1) Get information and feedback
Say you’re a small business owner. One of your jobs is to come up with the plans for other people to put into practice. If you talk with your team about the plan, instead of just issuing orders, you can receive valuable feedback, new ideas, and important information. And you’ll gain more respect because you respect your team enough to listen to them. Like a quarterback calling plays—maybe the wide receiver sees something the quarterback didn’t and suggests a change that saves the game.
It’s still up to you to make the final decision, but everyone on the team has a brain and if you can lead in such a way as to bring all those brains to bear, you’ll be a much smarter, much more effective group.
2) Get everyone on the same page
Let’s say the ultimate goal of a particular sports team is to win the division no matter what. That might mean that this year the younger players don’t get much of a chance to play. They’re still valuable team members, helping out in practice and standing by to jump in in case one of the veterans is injured, but this isn’t their year for glory. That’s ok if the coach tells them why.
As an owner or manager, you’ll usually find people willing to take one for the team, but only if they feel included in the group and only if they understand and believe in the ultimate goal. That won’t happen without good communication. You also need everyone to understand the big picture so that they really know when to push, how hard, and in what direction. Everyone has to understand their role. If those younger players think the coach just doesn’t like them, they won’t know to be ready in case a star player goes down. Again, good communication is the key.

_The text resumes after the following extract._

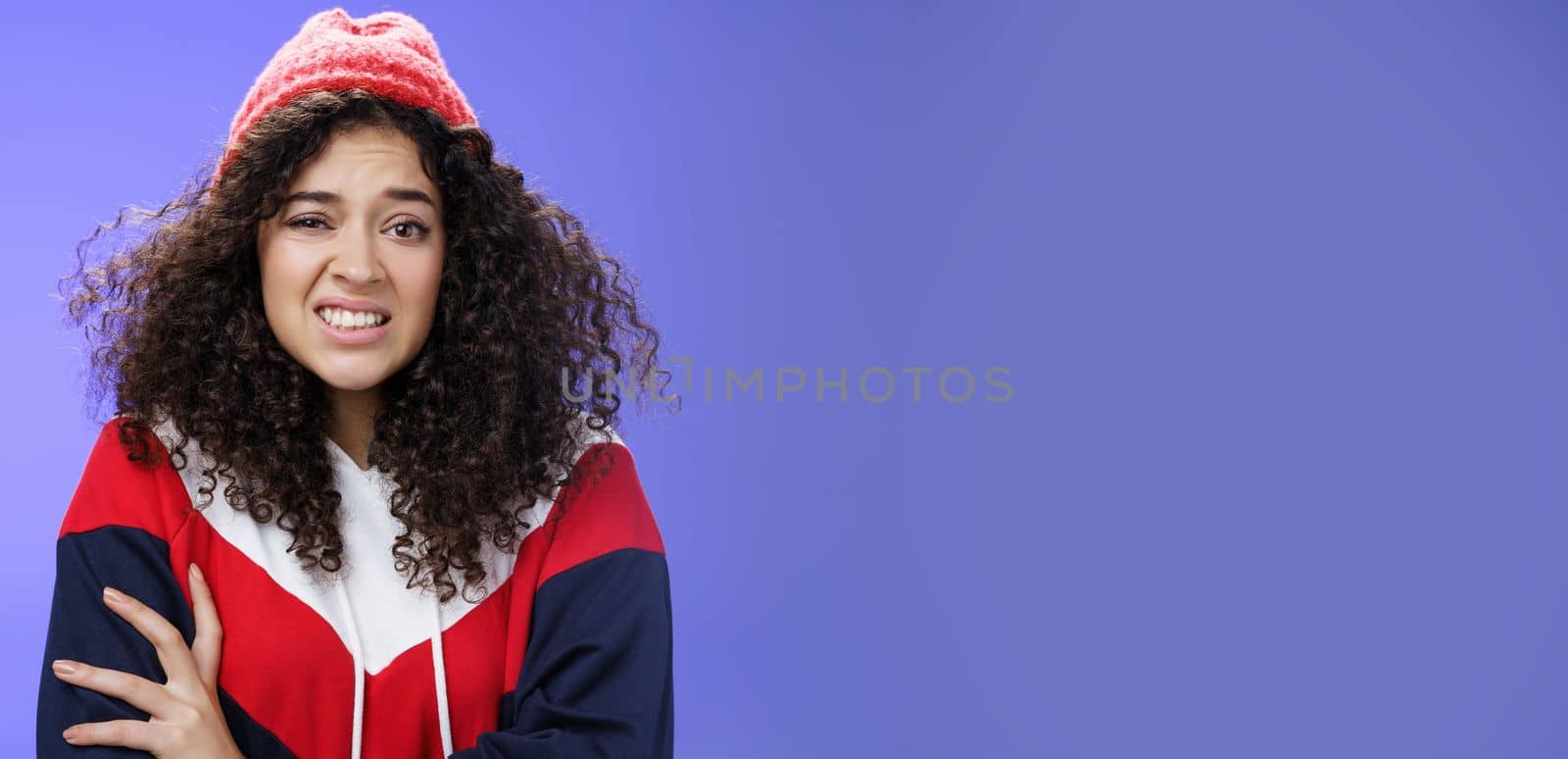 Woman with curly hair in winter beanie feeling uncomfortable and discomfort clenching teeth and frowning intense as hugging herself insecure and awkward, unwilling to say cruel rejection, feel awkward by Benzoix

3) Talking to your team builds relationships
One thing you always hear about championship winning teams is that they have a close locker room. These teams communicate with each other. Talking builds camaraderie and trust and you see the results on the field. The same goes for business. If you are a sales rep and you don’t trust your support associate, you will not reach your highest potential. If you don’t like your supervisor, you’ll find it hard to stay motivated. If you are a business owner and don’t understand or trust the people working for you, you won’t be able to supervise them well.
Simply put, great teams are built, not found, and part of building a great team is to talk to each other.
As mentioned before, not all talking is productive. Raise concerns as needed, but don’t complain just to complain. Don’t just talk to fill the silence or because you like the sound of your own voice. Listen at least as much as you speak and make sure to speak with a purpose. That being said, be genuine and relaxed in conversation. If you talk only because it is part of some intellectual strategy, your teammates are likely to be put off. The key is to find some genuine caring and interest for your teammates inside yourself–a real desire to communicate. You have to understand why talking to your team really is truly critical to your success.